Understanding Cloudera Search
- MapReduce or Spark jobs
- Impala queries
- Cloudera Search queries
CDH provides storage for and access to large data sets by using MapReduce jobs, but creating these jobs requires technical knowledge, and each job can take minutes or more to run. The longer run times associated with MapReduce jobs can interrupt the process of exploring data.
To provide more immediate queries and responses and to eliminate the need to write MapReduce applications, you can use Apache Impala. Impala returns results in seconds instead of minutes.
Although Impala is a fast, powerful application, it uses SQL-based querying syntax. Using Impala can be challenging for users who are not familiar with SQL. If you do not know SQL, you can use Cloudera Search. Although Impala, Apache Hive, and Apache Pig all require a structure that is applied at query time, Search supports free-text search on any data or fields you have indexed.
How Search Uses Existing Infrastructure
Any data already in a CDH deployment can be indexed and made available for query by Cloudera Search.
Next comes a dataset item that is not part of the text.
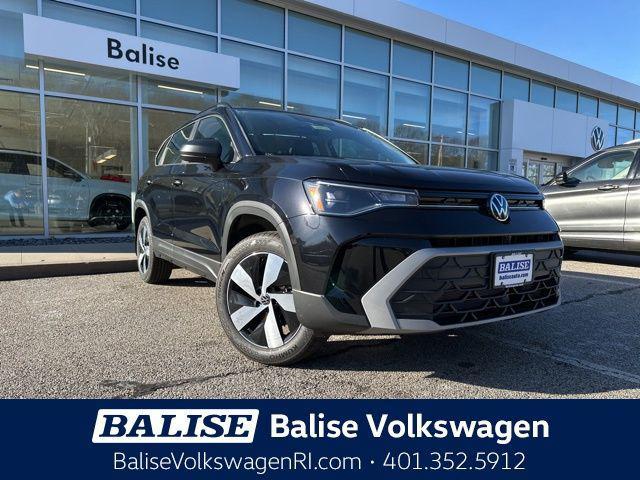 new 2026 Volkswagen Taos car, priced at $29,793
For data that is not stored in CDH, Cloudera Search provides tools for loading data into the existing infrastructure, and for indexing data as it is moved to HDFS or written to Apache HBase.
By leveraging existing infrastructure, Cloudera Search eliminates the need to create new, redundant structures. In addition, Cloudera Search uses services provided by CDH and Cloudera Manager in a way that does not interfere with other tasks running in the same environment. This way, you can reuse existing infrastructure without the cost and problems associated with running multiple services in the same set of systems.